En fait, pendant que François Hollande et Angela Merkel négocient un plan de paix avec Vladimir Poutine à Moscou, de plus en plus de voix se manifestent dans le bloc de l’OTAN (Organisation du traité de l’Atlantique Nord) en faveur d’une dotation de l’Ukraine en armes lourdes. Ce serait bien si cette option pourrait aider Kiev à éteindre le feu dans l’Est du pays. Seulement, le problème est que personne ne parle toujours de livraison d’armes au pouvoir malien qui, comme les autorités ukrainiennes, fait face au même défi : conserver son intégrité territoriale. Paradoxe historique, c’est qu’au lendemain du coup d’état de mars 2012, au moment où les forces de défense et de sécurité maliennes avaient si besoin de matériels militaires pour stopper l’avancée des groupes armés au nord, cette même communauté internationale par l’entremise de la CEDEAO n’a rien trouvé de mieux que de bloquer les cargaisons d’armes du Mali dans les port de Conakry et de Dakar. Elles ne seront livrées que lorsque les deux tiers du territoire seront sous contrôle des terroristes… La suite, tout le monde le sait.

Regardons alors aujourd’hui, ces mêmes puissances ont su trouver une idée de génie pour résoudre la crise ukrainienne : « il faut armer les ukrainiens contre ces ”terroristes”! (c’est le terme par lequel Kiev désigne ses séparatistes) » Et au Mali? – Bien sûr au Mali, tous les terroristes ont été neutralisés ; du moins, lorsqu’on n’a pas besoin d’eux pour justifier le prolongement de notre présence militaire. Entre-temps, on oblige l’Etat malien à négocier avec ses terroristes. –Non, j’ai oublié, il faut les nommer les « rebelles touareg », comme ça, ça sonne bien dans les oreilles, étant donné que le mot « touareg » retentit comme si c’est toute une communauté qui s’est dressée contre le pouvoir malien, – ce pouvoir cruel et despotique, selon eux, qui n’a fait que massacrer les touaregs depuis l’indépendance. Heureusement que la majorité des touaregs et des autres communautés du nord se sont rangés du côté de Bamako pour ainsi prouver le contraire. Finalement, ce film dont ils avaient longuement mitonné le scénario se déroule à présent sans réalisateur.

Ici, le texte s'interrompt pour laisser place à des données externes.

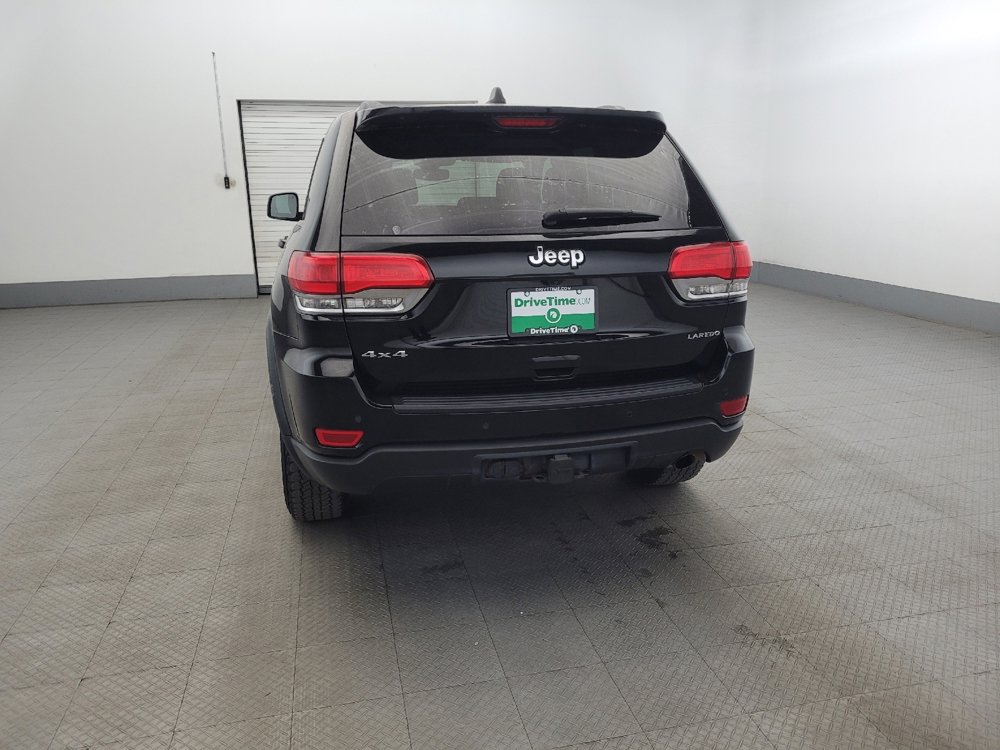 Used 2017 Jeep Grand Cherokee Laredo w/ Quick Order Package 23E image 6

Le plus bizarre dans tout ça, c’est que l’armée malienne ne peut même pas se déplacer sur son propre territoire sans qu’on ne parle d’agression ou de violation de cessez-le-feu. Or, au même moment, curieusement, les puissants rebelles font la pluie et le beau temps partout où ils le désirent sans que les maliens ne puissent manifester tranquillement sans être criblés de balles par les forces qui sont censées venir les proteger. Voyez-vous, après tout, le malien reste confiant quant au succès des négociations interminables d’Alger. Pour comprendre cette espérance vide d’espoirs, il faut vraiment être malien.

Attendez un peu, mais qui continue d’armer les rebelles maliens? D’où provient leur financement pour le carburant, la nourriture et leur puissante propagande médiatique? Qui arme l’opposition syrienne, l’Etat islamique, Boko Haram? Est-ce seulement du trafic de drogues et du commerce des otages comme on veut nous faire croire? Etonnamment, tout ça ressemble à la stratégie d’intimidation et de la peur des groupes mafieux qui consiste à créer une situation d’insécurité chez un riche homme d’affaires pour ensuite venir lui proposer ses services. Effrayé et paniqué, celui-ci devient aussitôt cette proie facile à croquer avec appétit comme tous ces Etats actuellement aux abois qui crient successivement au secours. Du coup, peu à peu, en fonction de la distribution mondiale des sphères d’influence formées à partir de la carte coloniale, chaque puissance occidentale récupère ses anciennes possessions coloniales sous forme de traité de défense, d’alliance économique ou de bases militaires.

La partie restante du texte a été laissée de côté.